I guess a method to try, to see if it's easy to handle, is: just post the scanned text into this forum, I'll transfer them to my own software system, and then I'll delete the posts.

It you want several chapters in separate files, post them separately.

If either one of us find that using the forum to transfer the text to be a problem, it's okay to copy-paste the text into email messages, in the message body area -- NOT files attached to email !!!

One of these days I'll have to write up a list of guidelines for anyone who wants to add text, based on how primitive my program is.

Let's suppose for now that I have these guidelines:

It's for done stuff, not things under development that you will want replaced later with a newer draft.

I need categories for all files to be linked from. For any files you have in mind, think up a category that could be suitable. You've seen my general linking style. Miscellaneous works of literature? Short quotations and excerpts? U.S. history? World history? The history of organized labor struggles? Classic historical documents? Theories and debates? The name of a particular organization? The name of a particular author? Tutorials for beginners? Or make up any new category that you like.

One blank line must separate paragraphs. Don't ever have two consecutive blank lines because my program is so dumb that it would choke on that.

My program is currently too primitive to handle anything except the simplest writing in paragraphs. That is, it can't handle fonts, text sizes, links, special characters that don't appear on the keyboard, indented blocks, tables with columns, or anything like that.

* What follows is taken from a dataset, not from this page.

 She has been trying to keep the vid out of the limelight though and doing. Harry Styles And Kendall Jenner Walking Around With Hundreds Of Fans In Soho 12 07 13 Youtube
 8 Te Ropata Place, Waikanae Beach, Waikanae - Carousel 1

All such things will make the program display garbage.

It CAN handle italics if you put some text inside HTML italics tags: <i>blah blah blah</i>

It CAN handle bold text if you put some text inside HTML bold tags tags: <b>blah blah blah</b>

If you want to make something about 60 percent larger as well as bold, like the name of a chapter or section, put it inside em tags: <em>Blah blah blah</em>

By special arrangements, the program can handle the insertion of one small photograph per document, which it will automatically place in the upper-right location.

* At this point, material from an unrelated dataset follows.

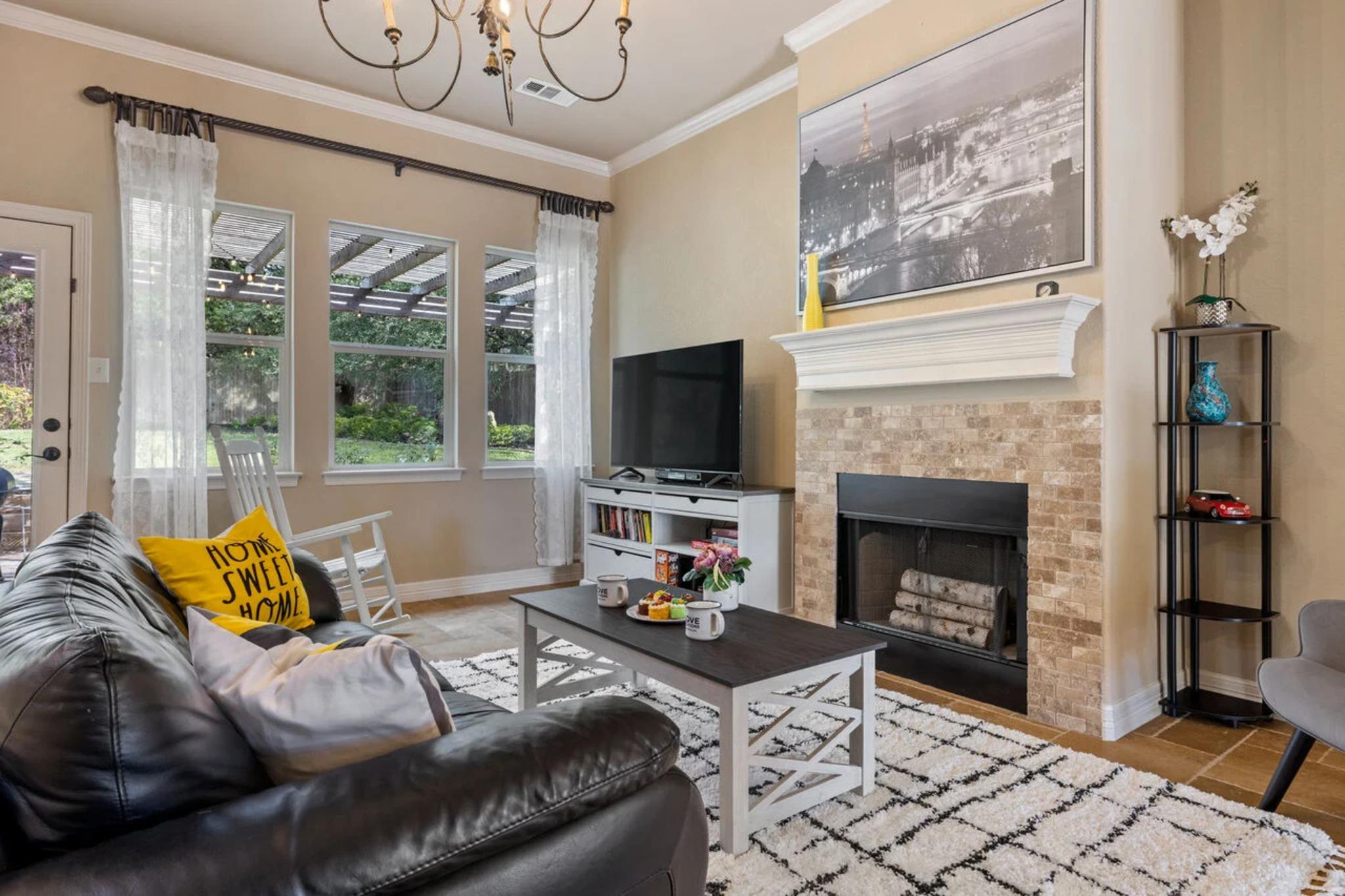 10033 Longhorn Skwy, Dripping Springs, TX 78620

The first line of every paragraph will automatically get indented one inch whether we like it or not.

It would save me a lot of trouble if you combine any words that were broken with hyphens at thdue to the ends of printed lines. In notepad that's involves hitting the delete key at the end of the previous line to force two lines to be combined, then deleting the hyphen, and maybe deleting a space character that might have crept in.

Jagged line-lengths make no difference. All margins get reflowed automatically for each paragraph.

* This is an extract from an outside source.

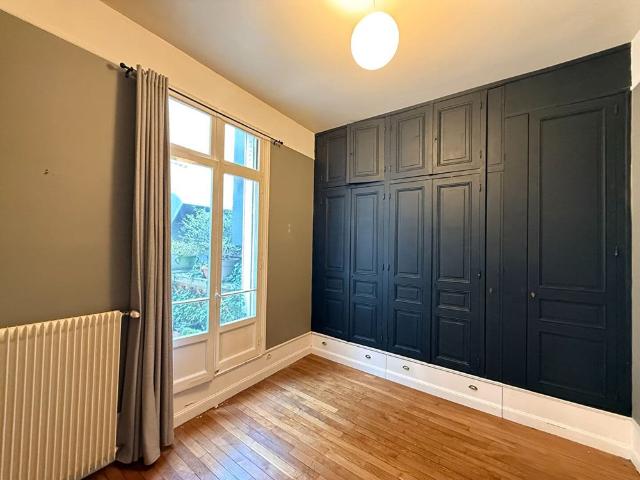 APPARTEMENT T4 104M² AVEC TERRASSE HYPER CENTRE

No copies of texts that are already available at other archives such as marxists.org or gutenberg.org.

You probably noticed that the program has to use the first paragraph of every file for a few lines of notes that identify what the file is, which it displays in a separate "times,serif" font.

If you have a suggestion as to what the document title should be, which appears in the browser's title bar and also the document header, you can suggest something. This same phrase also becomes google's main criterion for responding to searches.

Such guidelines as these, I'll have to make a list of for everyone's reference.